YOLOv10 Research Introduction
In this work, the research team aims to further push the performance efficiency boundary of YOLO from two aspects: post-processing and model architecture. To this end, the research team first proposed a consistent dual assignment for YOLO training without NMS, which simultaneously brought competitive performance and low inference latency. In addition, the research team introduced an overall efficiency-accuracy driven model design strategy for YOLO. The research team comprehensively optimized various components of YOLO from the perspective of efficiency and accuracy, greatly reducing computational overhead and improving performance. The result of the research team's efforts is a new generation of YOLO series for real-time end-to-end object detection, called YOLOv10. Extensive experiments show that YOLOv10 achieves state-of-the-art performance and efficiency at various model scales. For example, the research team's YOLOv10-S is 1.8 times faster than RT-DETR-R18 at similar AP on COCO. Compared with YOLOv9-C, YOLOv10-B has a latency reduction of 46% and a parameter reduction of 25% at the same performance.
The architecture of YOLOv10 includes the following key components:
- Backbone network: Responsible for feature extraction, using an enhanced version of CSPNet (Cross Stage Partial Network) to improve gradient flow and reduce computational redundancy.
- neck: Designed to aggregate features of different scales and achieve effective multi-scale feature fusion through the PAN (Path Aggregation Network) layer.
- One-to-many: Generate multiple predictions for each object during training, providing rich supervision signals and improving learning accuracy.
- One-to-one: Generates a single best prediction for each object during inference without NMS, thus reducing latency and improving efficiency.

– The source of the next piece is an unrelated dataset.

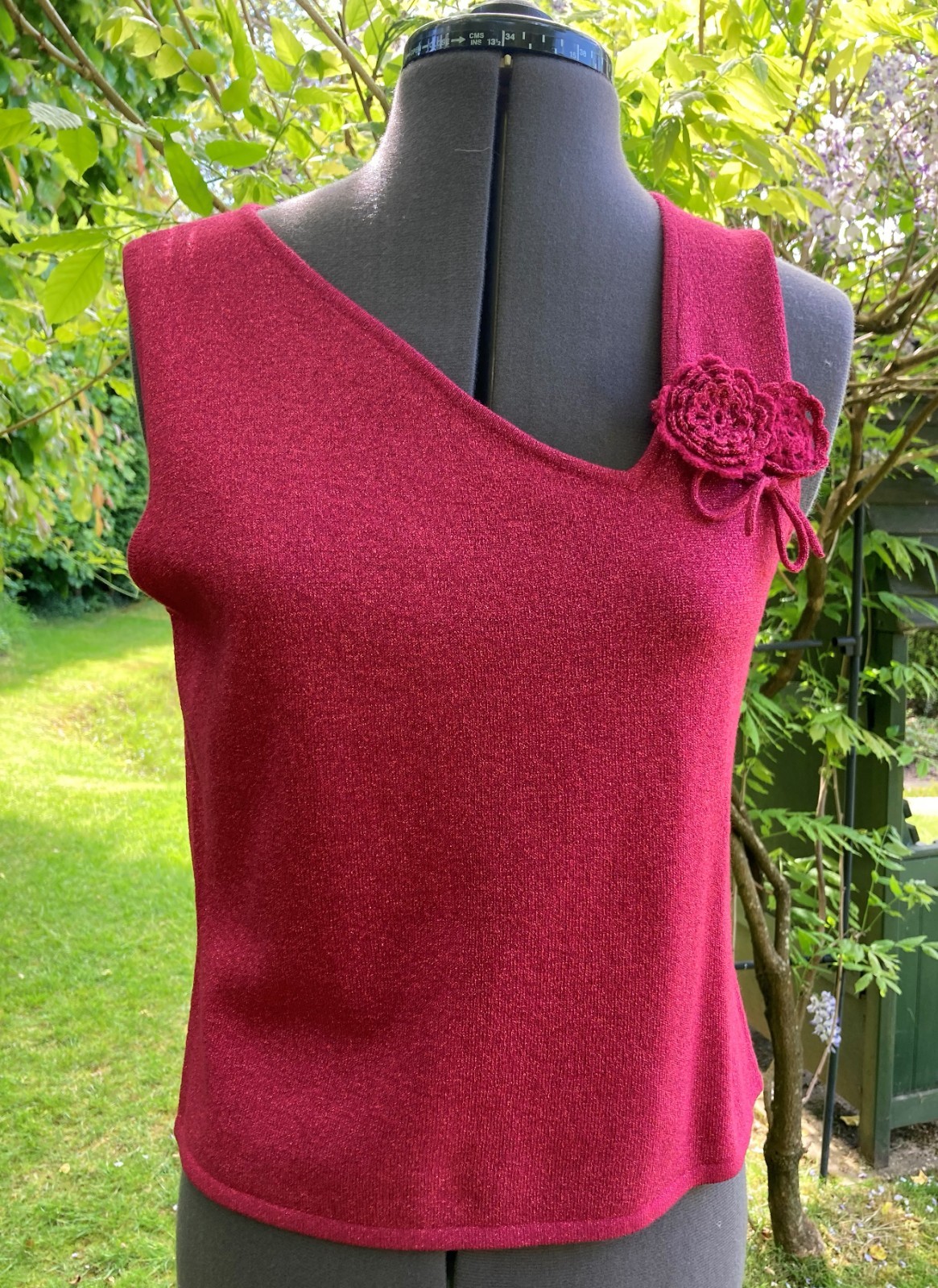 Dorothy Perkins Red Glitzy Sleeveless Top Size 14 Small Fit Floral Detail
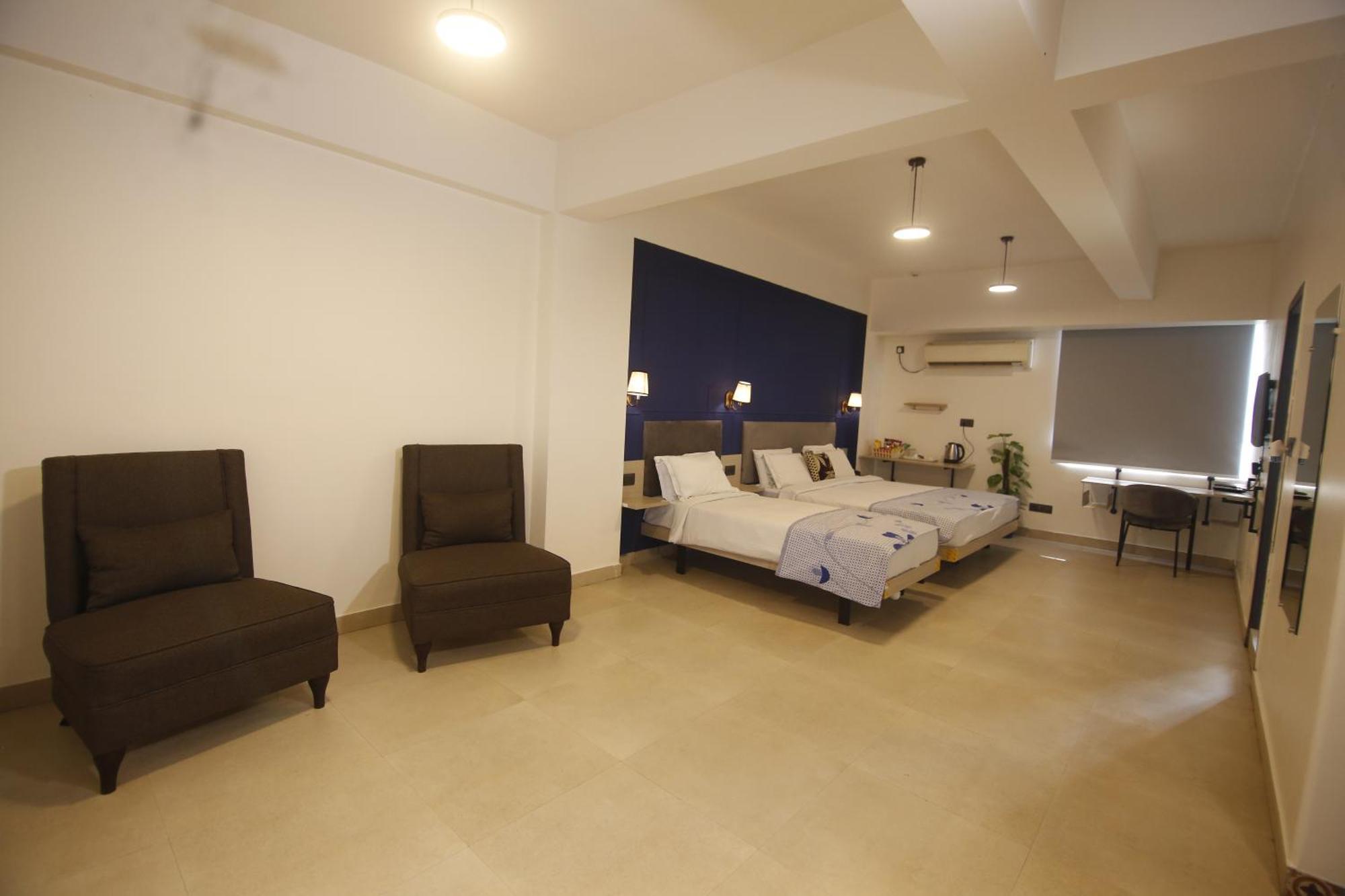 Virohaa Garden Hotel Ghaziabad Zewnętrze zdjęcie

YOLOv10 has multiple model sizes to meet different application needs:
- YOLOv10-N: Nano version, suitable for environments with extremely limited resources.
- YOLOv10-S: Small version, balancing speed and accuracy.
- YOLOv10-M: Medium version, suitable for general use.
- YOLOv10-B: Balanced version with increased width for better precision.
- YOLOv10-L: Large version that improves accuracy at the expense of increased computational resources.
- YOLOv10-X: Extra large version for maximum precision and performance.
YOLOv10 has been extensively tested on standard benchmarks such as COCO, demonstrating superior performance and efficiency, with significant improvements in both latency and accuracy over previous versions and other contemporary detectors.